Entre 2019 et 2023, plus d'une centaine de manifestant·e·x·s ont été convoqué·e·x·s par la justice vaudoise pour répondre du fait d'avoir simplement participé à des manifestations sur le domaine public les 20 et 27 septembre 2019 et 14 décembre 2019, au seul motif que celles-ci n'avaient pas fait l'objet d'une autorisation formelle. Avec cette série de procès individuels, appelée «Procès des 200», les autorités ont renoncé à un procès collectif qui aurait permis de juger l’action militante en tant que telle. Deux médecins ayant participé à l’action ont critiqué l'inaction des autorités, sourdes «aux messages d'alerte» des scientifiques agissant dans un but d’utilité publique et se heurtant à une répression de la part des autorités.

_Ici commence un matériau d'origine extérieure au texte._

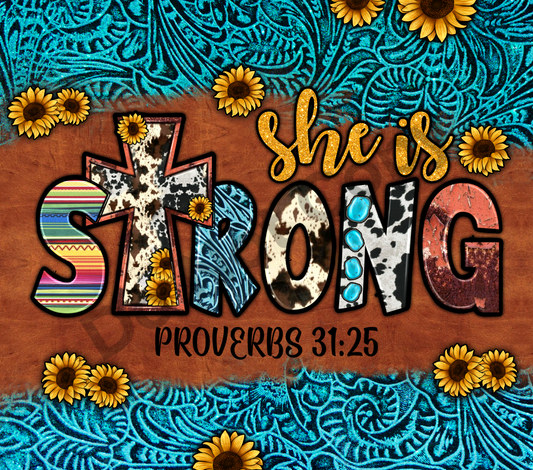She is strong sunflowers blue tumbler transfer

Amendées pour avoir manifesté seins nus à Lausanne lors de la Journée internationale des femmes du 8 mars 2021, six femmes ont écopé d’une ordonnance pénale les condamnant à payer 300 francs d’amende, 60 francs de frais administratifs et 200 francs de frais d’intervention pour avoir enfreint l’interdiction de manifestation ordonnée par le Conseil fédéral dans le contexte de lutte contre le Covid-19, mais aussi pour «trouble à la tranquillité publique» et pour «habillement contraire à la décence ou à la morale publique».
Si la justice genevoise a annulé en appel les condamnations pénales et les contraventions d’un activiste climatique en 2020, elle a plus récemment confirmé la détention provisoire d’un autre militant.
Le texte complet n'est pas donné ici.